# Large Viv Stack



## volly (Mar 6, 2009)

Just built this for my local pet shop and thought I'd show it off in here.

Started building single Vivs a few weeks ago then he asked me to do this stack.

I'm quite impressed as it's my first stack but what do you think?

Go on, be honest - I'm a big boy and I can take it, lol















































Oh and does anyone know what sort of price I should have charged him? He seemed to snatch my hand off when I told him, lol

Cheers


----------



## sam432 (Mar 8, 2009)

thats the best viv stack iv seen and im being honest can i ask how much u did charge him


----------



## ratking (Mar 4, 2008)

thats a cracking job mate.may i ask how u fix them together as i make all my own vivs and im about to build another 1 but i screw them all together so u can see the screw heads everywere.i carnt see them on yours and it looks much better so come on let us in on it 
cheers dave


----------



## volly (Mar 6, 2009)

sam432 said:


> thats the best viv stack iv seen and im being honest can i ask how much u did charge him


thanks. I charged him £550 for it but other people I've been speaking to say it should have been nearer £700-£750


----------



## volly (Mar 6, 2009)

ratking said:


> thats a cracking job mate.may i ask how u fix them together as i make all my own vivs and im about to build another 1 but i screw them all together so u can see the screw heads everywere.i carnt see them on yours and it looks much better so come on let us in on it
> cheers dave


thanks for your comment.

the right hand side is fully drilled and screwed as it is by the wall so you can't see the heads anyway.
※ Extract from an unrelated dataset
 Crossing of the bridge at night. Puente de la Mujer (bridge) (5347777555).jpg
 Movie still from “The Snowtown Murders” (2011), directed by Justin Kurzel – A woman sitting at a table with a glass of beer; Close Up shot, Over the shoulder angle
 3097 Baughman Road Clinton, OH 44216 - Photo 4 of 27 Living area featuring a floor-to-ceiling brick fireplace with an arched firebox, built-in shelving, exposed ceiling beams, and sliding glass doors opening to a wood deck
the left hand side is on show so i kregged/jigged the under side of the internal shelves so nothing can be seen unless you get on your knees and look up. it's just as strong as being screwed from the outside but it just looks neater as opposed to screwing and capping.

cheers


----------



## ratking (Mar 4, 2008)

so i kregged/jigged
explain this in laymans terms please mate


----------



## Meko (Apr 29, 2007)

looks the nuts mate, but brave of the pet shop if its your first go... lol



now for the questions... 
are they selling female uro's at £40 that look like baby beardies?? some not bad prices there either for a pet shop.


----------



## volly (Mar 6, 2009)

ratking said:


> so i kregged/jigged
> explain this in laymans terms please mate


 
ha ha, that is layman's terms mate. i don't know what the technical term is, lol.

let me try and explain. i have just done a quick one from 2 bits of scrap to show you :-

kregging/jigging is grooving 1 side of the board to the edge so that it can be screwed from the inside without heads being on show.
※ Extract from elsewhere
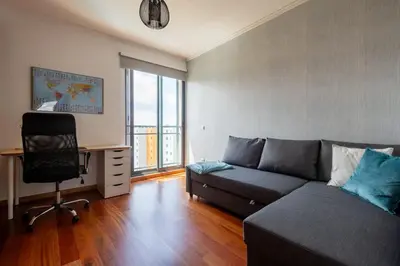 a living room with a couch and a desk and a chair at Sky View - Spacious Stay with Pool & Gym in Funchal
so effectively, it looks like this from the front with the kreg/jig grooves being underneath the shelf so they can't be seen. obviously if you are trying to fix something up high then you put the grooves on top above eye level. 










you do need a special drill bit to make the right shape for the groove and also you need the correct kreg/jig clamp to hold it in place while drilling. the screws aren't standard screws either. that have square heads that also need a specially shaped bit to fix them in place.

i suppose it all sounds like a lot of hassle but as you can see from my first pics, the result is worth it if you want a neat looking end that's on show.

hope this helps


----------



## Anna89 (Sep 18, 2008)

Hi,

It looks really good!!!! What are the dimensions??

Anna.


----------



## volly (Mar 6, 2009)

Meko said:


> looks the nuts mate, but brave of the pet shop if its your first go... lol
> 
> 
> 
> ...


 
:lol2: I built a few Viv's for him before so he knew the general quality of my work before agreeing to the stack.

as for the BD looking Uro's, lol - there is a Uro in that Viv with the baby BD's. The Uro is £39.99 and the BD's are £49.99

cheers


----------



## volly (Mar 6, 2009)

Anna89 said:


> Hi,
> 
> It looks really good!!!! What are the dimensions??
> 
> Anna.


 
thanks anna,

it's 1700mm wide, 1525mm high and 610mm deep.

regards, andy


----------



## Anna89 (Sep 18, 2008)

haha - took me ages to work that out in feet!!! I'd say £550 was fair! looks fantastic!! Whats the technical term for keggin/jiggin?? I want that on my next ones!!!!

Anna.


----------



## volly (Mar 6, 2009)

Anna89 said:


> haha - took me ages to work that out in feet!!! I'd say £550 was fair! looks fantastic!! Whats the technical term for keggin/jiggin?? I want that on my next ones!!!!
> 
> Anna.


thanks for the compliment.

not sure what the tech term for kregging/jigging is but if you look back on page 1 of this post, i have tried to show and explain what it is.

best regards, andy


----------



## ratking (Mar 4, 2008)

cheers mate now uve shown me i no what u ment thanks for that


----------



## volly (Mar 6, 2009)

no worries. happy to help :no1::no1:


----------



## Janet1977 (Dec 14, 2008)

If you ever get bored you can make one for me:2thumb: I've been looking for a cheap stack, but I think I'll be paying quite a lot. You've done a good job: victory:


Janet


----------



## volly (Mar 6, 2009)

Janet1977 said:


> If you ever get bored you can make one for me:2thumb: I've been looking for a cheap stack, but I think I'll be paying quite a lot. You've done a good job: victory:
> 
> 
> Janet


 
Ha ha, thanks. If you want one making, just let me know. I'll sort something out for you.

Andy


----------